About a quarter-mile up the street from me, people wake up to find a dead body wrapped in a sheet. Police have revealed few details. Freaky. Minus Three

Summer weather. The really hot stuff didn’t last that long, but it’s still been lovely. Plus Two

Sometimes I find myself envying W’s rose-colored glasses. If he has not had someone enchant them for him, I want the address of the company that makes them. How else can he stand up and say that the damning progress report on his surge means that things are looking up? It’s got to be the glasses. I don’t think Congress has the wherewithal to rip them off him, but the House did pass a bill calling for troops to be out of Iraq by April 2008. Minus Five

Speaking of envy, I want me some executive privilege (actually, what I’d really like is some vice presidential privilege—that’s some amazing stuff). I want to be able to defy Congress, break the law (not backing up official e-mails), and get away with it. Bush tells former White House aide Sara Taylor not to testify, and Harriet Miers doesn’t even show up. Congress might hold Miers in contempt, but they don’t seem to have the follow-through to stop the White House. Minus Five

I had a number of adventures this week, with friends and alone. I’m really enjoying this whole urban experiment. Plus Ten

Oh. I have a new roommate. She’s a friend of mine, and she’ll be moving in at the end of the month. I’m a little nervous about living with someone again after so many years on my own, but mostly I’m excited. I think it will be fun. Plus Five

Testimony from the former US Surgeon General reveals the extent of White House tampering with scientific judgment for political purposes. Ted Kennedy introduces a bill to make the position more independent. The new nominee once wrote a paper calling male homosexuality a pathology and unnatural. He might toe the line a bit more. This whole country is going down the tubes. Minus Five


Lady Bird Johnson died. Her husband’s disastrous involvement in Vietnam has all but obscured his domestic achievements (Voting Rights Act, anyone?), but I’d like to say that I admire her stance against segregation and her work to get the country to give a hoot and not pollute. Even

Total Plus: 17
Total Minus: 18

TOTAL FOR THE WEEK: -1

Last Week’s Total: +6


UPDATE: I knew I should have done this later. Two Buck Chuck, the crappy Chardonnay available at Trader Joe's won a prize for best California Chardonnay. Wine snobs everywhere are groaning. I think the week is now in positive territory, don't you?

Wednesday, July 11, 2007

Dinner Theater

On my way home from work yesterday evening, I decided to go out to dinner. Nothing I could think of to cook sounded all that exciting to me, and I felt up for little exploring. I began to mull over my options.

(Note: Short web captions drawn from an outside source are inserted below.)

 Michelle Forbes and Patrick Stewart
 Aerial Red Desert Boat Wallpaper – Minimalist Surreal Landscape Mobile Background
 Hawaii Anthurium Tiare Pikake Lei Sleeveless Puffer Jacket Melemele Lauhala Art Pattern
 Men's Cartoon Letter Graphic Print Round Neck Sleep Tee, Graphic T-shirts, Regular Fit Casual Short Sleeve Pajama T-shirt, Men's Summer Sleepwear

Chinatown? I thought and quickly dismissed it. I’ve hung out there quite a bit, sampling a lot of the Vietnamese offerings there (as a vegetarian, Chinese food can be a little tricky—if you want a laugh, check out Andraste’s cautionary tale).

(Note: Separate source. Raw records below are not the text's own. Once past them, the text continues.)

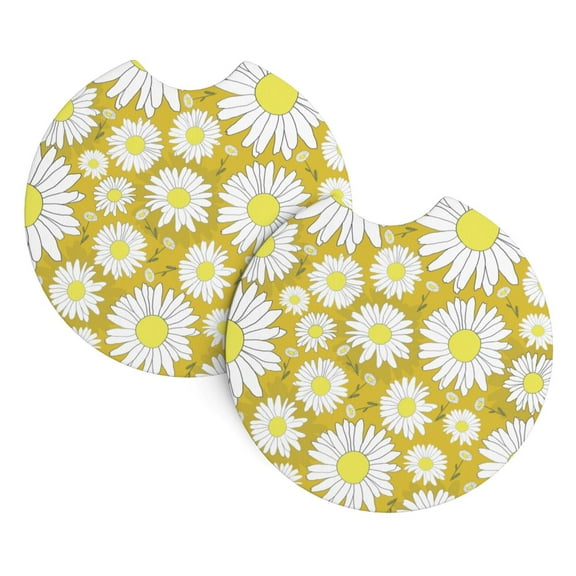 2 Package Car Coasters Drink Absorbable Rubber Base Cup Holder Coasters Non-Slip Coasters Bar Coasters Car Interior Accessories 2.7 Inches White Chrysanthemum Flower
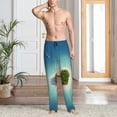 thumbnail image 5 of Vsdgher Paradise Island Print Mens Pajama Pants Sleep & Lounge Pants, PJ Bottoms With elastic waistb and Pockets, 5 of 5
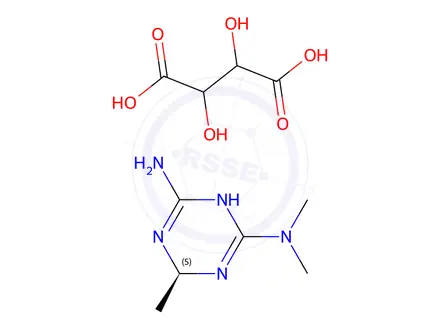 Chemical structure of (S)-N2,N2,6-trimethyl-3,6-dihydro-1,3,5-triazine-2,4-diamine 2,3-dihydroxysuccinate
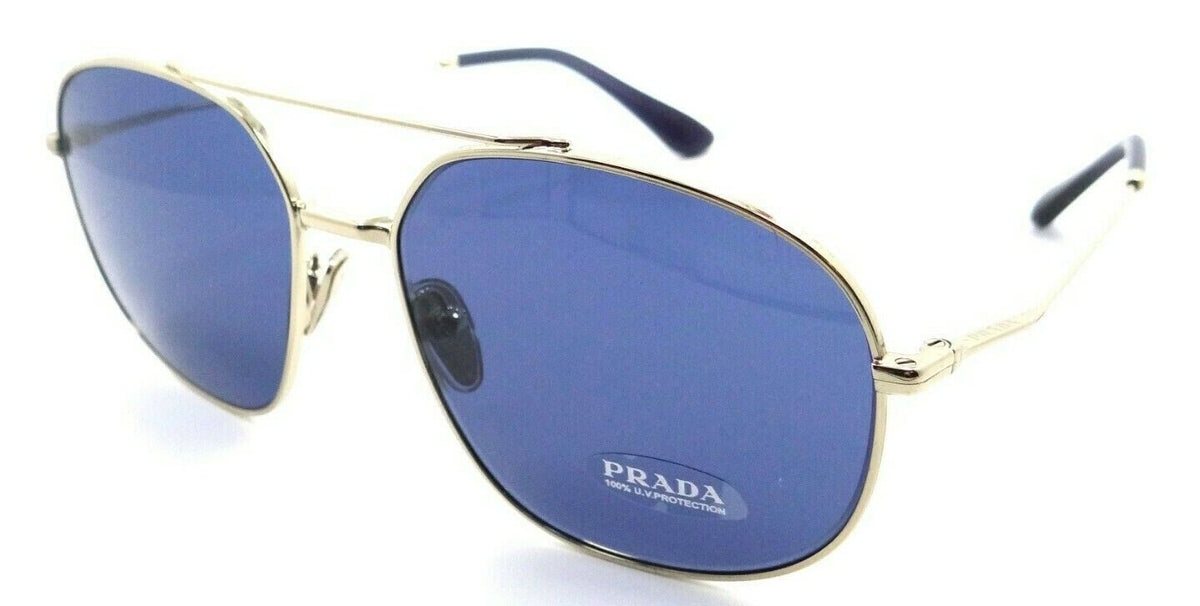 Prada Sunglasses PR 51YS ZVN-04P 58-16-145 Pale Gold / Dark Blue Made in Italy-8056597531429-classypw.com-1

Oh, I could try a new Thai place and check out a different part of the city. That sounded tempting, and I decided that’s what I would do as I turned the corner onto Broadway and toward home. That was when I saw Fasika’s Ethiopian Restaurant again. I have not had a lot of Ethiopian food, but what I’ve had I’ve loved. Oh god, it is tasty stuff. When I noticed Fasika’s during my move, I was so excited. That was before I peeked inside.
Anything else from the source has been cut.